Najnowsze doniesienia, choć niepotwierdzone mogą istotnie wpłynąć na losy kolejnej generacji iPhone’ów.
Czym mogłaby być podyktowana „metalowa” decyzja jeśli faktycznie okaże się prawdą?
Czyżby szał tytanicznych jabłek?
To, co uczynił owocowy gigant z USA w przypadku wersji 15 i 16 z dopiskiem „Pro” stało się nowym trendem. Nie chcąc pozostać w tyle podobny ruch poczynił między innymi Samsung w przypadku tegorocznego Galaxy S24 Ultra. Jakkolwiek powszechnie wiadomo, że ekscentryk zmiennym jest i lubi mieć swoje „humory”. Jeśli to, co obecnie ma status nie do końca potwierdzonych pogłosek, okaże się prawdą, w najbliższym czasie rynek może czekać niemałe przetasowanie.

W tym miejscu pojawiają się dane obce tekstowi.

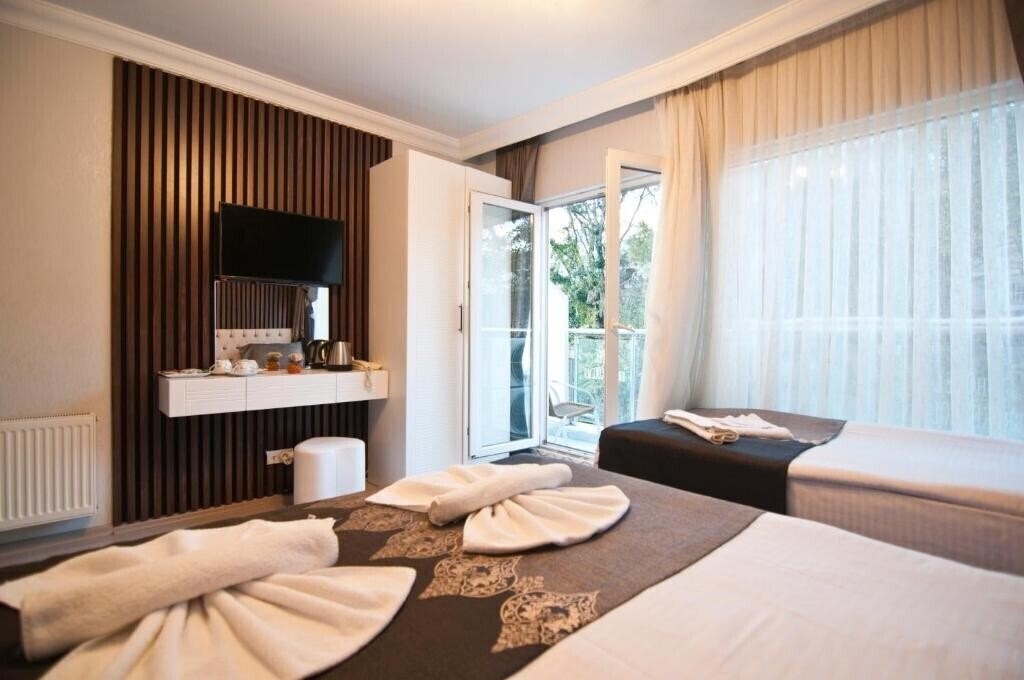 Панорама Broken Column Hotel 3*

Według najnowszych doniesień GSMArena, Apple ma rzekomo zrezygnować z bądź co bądź sporo droższego metalu na rzecz aluminium. Według tego, o czym słyszało się do tej pory, zmiana miała dotyczyć jedynie iPhone 17 Air. Na ten moment wiele wskazuje na to, że podobnie miałoby być także w przypadku wariantu Pro i Pro Max. Jeśli wieści okażą się prawdą, oznaczałoby to powrót do standardów stosowanych w przeszłości przez lata.
Z TI na AL, taki może być główny cel w przypadku iPhone 17
Modyfikacji miałby ulec przede wszystkim tylny panel smartfona. Większość miałaby być na powrót pokryta metalem, nie jak obecnie szkłem. To z kolei byłoby pozostawione jedynie w dolnej części tak, aby nadal umożliwiać ładowanie indukcyjne. Aluminiowa, choć tym razem większa, miałaby być także prostokątna wyspa kamery tak, aby pomieścić jeszcze bardziej zaawansowane obiektywy.
Jak powszechnie wiadomo tytan jest uważany za króla wytrzymałości wśród pierwiastków, jednocześnie jest też stosunkowo lekki i w dużej mierze dlatego zdecydowano się wykorzystać go w przypadku iPhone 15 i 16 Pro. W parze z trwałością idzie też jednak mała plastyczność, która znacznie utrudnia obróbkę, co zwiększa koszty. Prawdopodobnie Apple ma zamiar z niego zrezygnować właśnie ze względów finansowych. W końcu marża musi się zgadzać.
Informacje przekazane przez redakcję GSMArena, póki co mają status przecieków, a nawet bardziej niepotwierdzonych plotek. Jednak oryginalne źródło tych wiadomości wiele razy w przeszłości okazywało się rzetelne i wiarygodne. Wysoce prawdopodobne jest więc, że tak może być i tym razem.